Few (if any) assumptions about your game's design

While the main game loop, and rendering of sprites is done for you by Tickle, Tickle can be extended to meet your needs. For example, you are free to write your own fog-of-war view, but Tickle will still perform the actual rendering.

Customisable only where it makes sense

Many of Tickle's classes cannot be sub-classed. This is deliberate. The following interfaces are the primary places for your game code :

Role, Action, Director, Producer, Stage, StageView,

Choice of Languages

Tickle is written in Kotlin, however, you can use whatever JVM language you like, including plain old Java.

You can also use Groovy as a scripting language - no need to recompile, and re-run to test code. Just make your change and try it out instantly. I still prefer to use a compiled language for almost everything. YMMV.

Current Status

The game runtime works well, and is reasonably feature rich. The editor is pretty good, but lacks polish in a ferw places.

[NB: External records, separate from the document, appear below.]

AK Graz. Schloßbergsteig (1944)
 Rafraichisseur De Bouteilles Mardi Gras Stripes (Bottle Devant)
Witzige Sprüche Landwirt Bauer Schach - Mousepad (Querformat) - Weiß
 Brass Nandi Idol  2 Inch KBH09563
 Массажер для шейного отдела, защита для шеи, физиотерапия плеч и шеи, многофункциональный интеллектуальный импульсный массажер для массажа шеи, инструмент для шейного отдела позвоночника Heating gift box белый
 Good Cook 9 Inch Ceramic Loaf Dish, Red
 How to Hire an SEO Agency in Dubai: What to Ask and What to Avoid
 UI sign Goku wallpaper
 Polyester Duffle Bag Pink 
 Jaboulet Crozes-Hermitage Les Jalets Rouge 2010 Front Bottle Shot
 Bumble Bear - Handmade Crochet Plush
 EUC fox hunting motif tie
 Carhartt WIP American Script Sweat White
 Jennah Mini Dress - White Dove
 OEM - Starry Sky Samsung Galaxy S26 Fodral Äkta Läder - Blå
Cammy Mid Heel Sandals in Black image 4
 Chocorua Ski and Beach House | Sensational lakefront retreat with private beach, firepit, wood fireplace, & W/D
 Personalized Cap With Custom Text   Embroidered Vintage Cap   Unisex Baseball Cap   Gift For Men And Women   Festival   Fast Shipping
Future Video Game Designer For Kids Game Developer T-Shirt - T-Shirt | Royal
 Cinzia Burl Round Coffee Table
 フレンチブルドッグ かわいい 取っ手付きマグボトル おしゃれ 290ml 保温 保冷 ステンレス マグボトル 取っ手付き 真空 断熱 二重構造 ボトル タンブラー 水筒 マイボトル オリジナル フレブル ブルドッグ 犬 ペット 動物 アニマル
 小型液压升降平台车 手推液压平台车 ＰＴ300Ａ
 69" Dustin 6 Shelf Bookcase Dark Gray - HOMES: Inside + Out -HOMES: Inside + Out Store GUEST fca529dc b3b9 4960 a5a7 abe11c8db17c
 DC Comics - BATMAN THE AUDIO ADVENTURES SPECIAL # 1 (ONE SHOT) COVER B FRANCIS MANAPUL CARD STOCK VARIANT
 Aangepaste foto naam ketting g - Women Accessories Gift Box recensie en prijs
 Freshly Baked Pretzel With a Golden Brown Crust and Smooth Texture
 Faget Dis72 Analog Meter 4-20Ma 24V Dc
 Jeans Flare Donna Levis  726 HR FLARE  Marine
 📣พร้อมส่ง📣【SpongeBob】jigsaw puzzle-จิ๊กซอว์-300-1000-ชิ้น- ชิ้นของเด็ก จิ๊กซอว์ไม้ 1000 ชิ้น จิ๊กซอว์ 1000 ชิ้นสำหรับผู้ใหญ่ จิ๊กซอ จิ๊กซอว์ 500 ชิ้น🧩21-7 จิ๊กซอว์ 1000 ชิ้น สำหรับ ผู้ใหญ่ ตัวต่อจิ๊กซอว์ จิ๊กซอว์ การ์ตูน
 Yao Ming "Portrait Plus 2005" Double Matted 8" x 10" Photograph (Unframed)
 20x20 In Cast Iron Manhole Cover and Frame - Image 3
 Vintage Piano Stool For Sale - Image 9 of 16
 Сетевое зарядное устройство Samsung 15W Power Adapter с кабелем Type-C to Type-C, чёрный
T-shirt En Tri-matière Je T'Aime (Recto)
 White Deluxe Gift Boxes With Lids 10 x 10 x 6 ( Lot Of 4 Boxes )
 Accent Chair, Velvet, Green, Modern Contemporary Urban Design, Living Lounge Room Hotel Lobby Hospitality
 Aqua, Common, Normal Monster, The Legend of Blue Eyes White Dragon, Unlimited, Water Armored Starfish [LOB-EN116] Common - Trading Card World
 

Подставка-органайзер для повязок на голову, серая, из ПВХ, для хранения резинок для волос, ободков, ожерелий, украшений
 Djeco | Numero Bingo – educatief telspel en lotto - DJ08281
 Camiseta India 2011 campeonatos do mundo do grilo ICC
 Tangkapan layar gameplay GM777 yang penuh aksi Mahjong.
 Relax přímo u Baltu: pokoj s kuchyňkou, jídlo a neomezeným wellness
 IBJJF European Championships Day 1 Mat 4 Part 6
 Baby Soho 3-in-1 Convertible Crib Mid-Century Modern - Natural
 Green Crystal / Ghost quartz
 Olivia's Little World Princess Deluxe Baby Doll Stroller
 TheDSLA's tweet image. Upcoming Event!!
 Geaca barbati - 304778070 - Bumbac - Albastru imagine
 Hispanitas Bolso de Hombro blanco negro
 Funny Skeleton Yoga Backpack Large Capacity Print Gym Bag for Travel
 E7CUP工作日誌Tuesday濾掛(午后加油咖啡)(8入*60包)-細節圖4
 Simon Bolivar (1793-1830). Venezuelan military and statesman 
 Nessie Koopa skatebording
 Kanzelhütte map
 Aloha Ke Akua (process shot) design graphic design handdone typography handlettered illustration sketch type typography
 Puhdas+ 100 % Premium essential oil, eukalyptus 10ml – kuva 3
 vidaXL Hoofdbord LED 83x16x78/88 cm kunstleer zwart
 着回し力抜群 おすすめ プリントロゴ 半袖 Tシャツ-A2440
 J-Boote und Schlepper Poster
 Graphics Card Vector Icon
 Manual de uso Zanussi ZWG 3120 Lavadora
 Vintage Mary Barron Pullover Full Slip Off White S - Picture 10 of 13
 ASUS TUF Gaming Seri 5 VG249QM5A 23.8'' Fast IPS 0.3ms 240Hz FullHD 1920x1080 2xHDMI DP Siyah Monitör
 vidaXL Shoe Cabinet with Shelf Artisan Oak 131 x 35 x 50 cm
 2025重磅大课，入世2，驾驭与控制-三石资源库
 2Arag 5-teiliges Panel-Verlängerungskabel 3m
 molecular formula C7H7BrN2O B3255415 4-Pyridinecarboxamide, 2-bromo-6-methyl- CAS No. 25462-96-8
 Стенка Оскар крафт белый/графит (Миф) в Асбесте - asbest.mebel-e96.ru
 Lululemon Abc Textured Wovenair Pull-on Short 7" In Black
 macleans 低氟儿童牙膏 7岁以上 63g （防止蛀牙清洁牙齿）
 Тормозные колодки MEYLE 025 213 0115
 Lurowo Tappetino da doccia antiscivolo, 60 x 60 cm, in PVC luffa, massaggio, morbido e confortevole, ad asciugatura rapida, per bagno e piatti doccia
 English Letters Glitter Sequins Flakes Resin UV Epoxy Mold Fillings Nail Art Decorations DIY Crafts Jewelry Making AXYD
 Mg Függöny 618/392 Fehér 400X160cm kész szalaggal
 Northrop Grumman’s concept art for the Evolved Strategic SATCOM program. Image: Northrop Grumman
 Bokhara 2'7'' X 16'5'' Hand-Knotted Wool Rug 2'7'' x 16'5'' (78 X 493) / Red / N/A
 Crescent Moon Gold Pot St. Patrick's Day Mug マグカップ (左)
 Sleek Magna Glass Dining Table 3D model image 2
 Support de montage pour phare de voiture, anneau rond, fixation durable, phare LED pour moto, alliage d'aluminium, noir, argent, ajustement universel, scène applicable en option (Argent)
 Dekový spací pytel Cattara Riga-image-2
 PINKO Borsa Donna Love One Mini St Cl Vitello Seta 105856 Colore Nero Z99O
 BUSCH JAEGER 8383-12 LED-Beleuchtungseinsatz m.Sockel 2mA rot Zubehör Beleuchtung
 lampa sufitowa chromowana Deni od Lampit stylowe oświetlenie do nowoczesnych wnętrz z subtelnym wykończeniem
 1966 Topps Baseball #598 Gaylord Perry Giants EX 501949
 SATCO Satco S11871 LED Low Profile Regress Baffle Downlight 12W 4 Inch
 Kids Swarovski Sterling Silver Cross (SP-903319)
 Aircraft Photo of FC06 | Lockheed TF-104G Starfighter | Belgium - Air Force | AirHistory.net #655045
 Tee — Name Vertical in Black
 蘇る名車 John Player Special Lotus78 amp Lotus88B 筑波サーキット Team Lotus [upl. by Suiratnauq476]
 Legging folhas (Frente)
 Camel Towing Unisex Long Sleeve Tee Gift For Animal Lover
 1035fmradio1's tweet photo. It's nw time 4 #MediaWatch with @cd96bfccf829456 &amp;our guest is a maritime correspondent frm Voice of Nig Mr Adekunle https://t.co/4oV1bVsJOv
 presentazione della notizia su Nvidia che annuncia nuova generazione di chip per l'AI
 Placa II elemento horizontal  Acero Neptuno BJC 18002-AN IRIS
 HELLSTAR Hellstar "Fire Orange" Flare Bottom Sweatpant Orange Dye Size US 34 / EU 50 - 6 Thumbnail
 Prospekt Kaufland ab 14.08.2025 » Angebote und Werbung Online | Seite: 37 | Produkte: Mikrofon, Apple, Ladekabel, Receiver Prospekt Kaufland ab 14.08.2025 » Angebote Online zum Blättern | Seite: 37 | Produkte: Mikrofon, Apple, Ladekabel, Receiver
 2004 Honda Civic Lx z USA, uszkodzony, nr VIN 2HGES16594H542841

I've written a few games using Tickle : Rapid Rag Doll, Pill Popper and Drunk Invaders. Pill Popper is a naff Pac-Man clone (I wrote this when Tickle was still in its infancy). Rapid Rag Doll is a fun physics based game where you throw articulated rag dolls at targets whilst avoiding knocking over fragile items. Drunk Invaders is another simple games (I wrote it to test out Groovy scripting).

Completed Features

  • Resources Editor. This where you define the meta data for each of your game character, the images they uses etc, plus other stuff, such as fonts, input controls and screen layouts.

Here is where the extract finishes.